As Americans deal with a smaller paycheck due to the payroll tax cut expiration, many taxpayers are concerned about their financial well-being. Approximately 46 percent of the individuals surveyed planned to save their tax returns while 37 percent expected to use it to cover day-to-day expenses, like gas and groceries. One-third of Americans planned to pay debt with their refunds.

The survey found that since the increase in Social Security withholding took place, 70 percent of taxpayers are saving less in their emergency funds. Other areas impacted by the lowered take-home pay include cable and digital entertainment, retirement accounts and payments for credit cards, utilities and rent or mortgage.

“Last year the IRS sent checks totaling nearly $310 billion to taxpayers, underscoring the significance of tax time to American households,” said Ernie Almonte, CPA, CGMA, chair of the AICPA’s National CPA Financial Literacy Commission. “This year, in the wake of a paycheck squeeze, many Americans are counting on those refunds for relief – a way to bolster savings or shore up budgets. It’s critical that they have a well thought out plan for using the funds to maximize the benefit to their financial well-being.”
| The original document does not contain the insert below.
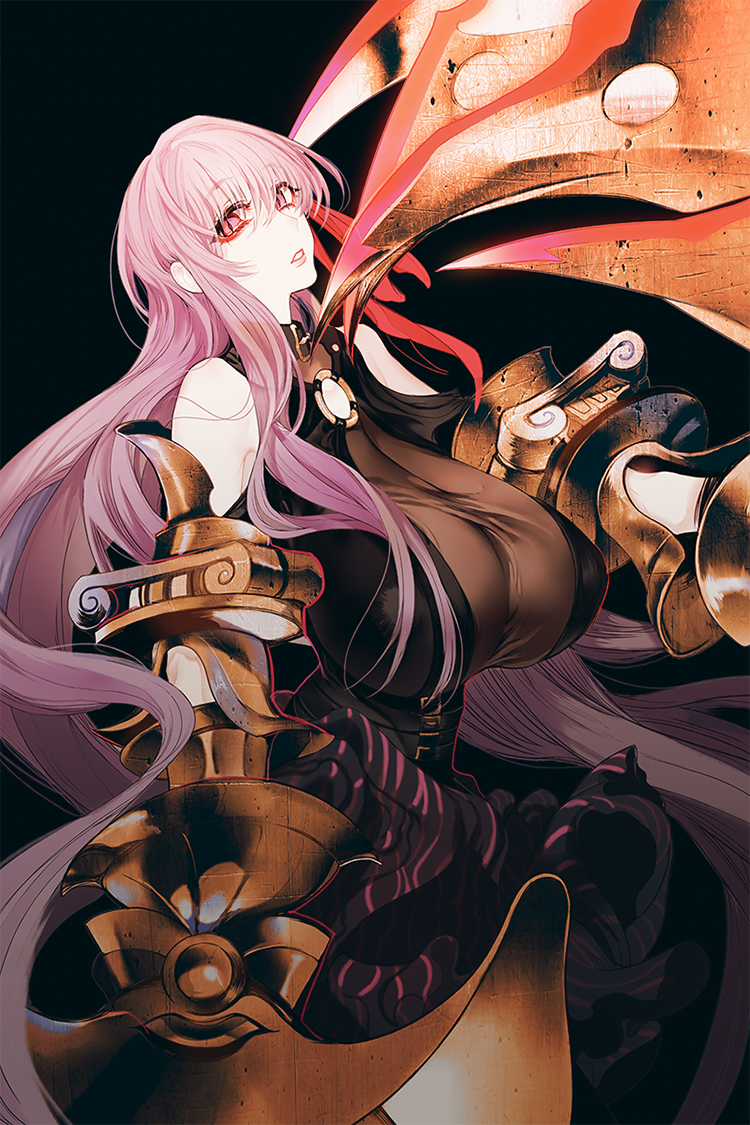 bare_shoulders belt_collar breasts claws commentary_request fate/grand_order fate_(series) hair_ribbon huge_breasts long_hair looking_at_viewer o-ring o-ring_top parted_lips passion_lip pink_eyes pink_hair red_ribbon ribbon slit_pupils solo tobi0728 very_long_hair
The National CPA Financial Literacy Commission encourages taxpayers who receive a refund this year to:

  1. Prioritize your tax refund allocation. Taxpayers struggling to cover basics such as food, shelter or healthcare should use their refund to cover those basics first. The next priority should be building or growing their emergency fund.
  2. Split your refund. Many taxpayers with debt may be tempted to apply the entire refund towards paying off debt, but it would be better to split the money between your emergency fund and your debt. Doing so will reduce your liabilities and while ensuring you have cash on hand for life’s unexpected expenses. This will also prevent you from encountering more debt if an emergency arises.
  3. Pay high interest accounts. Paying the debt account with the highest interest rate first will help you tackle debt with the highest overall cost faster and stretch your dollars.
  4. Plan for the long-term future. If you already have an emergency fund and no debt, you may be tempted to treat yourself by splurging on a new toy or vacation. However, it would be more beneficial to make an extra mortgage payment or contribution to your retirement account.

The AICPA has conducted annual surveys for the past six years to assess the top financial concerns and well-being of Americans. Approximately 1,011 adults across the nation responded to the phone survey conducted between March 14 and March 17.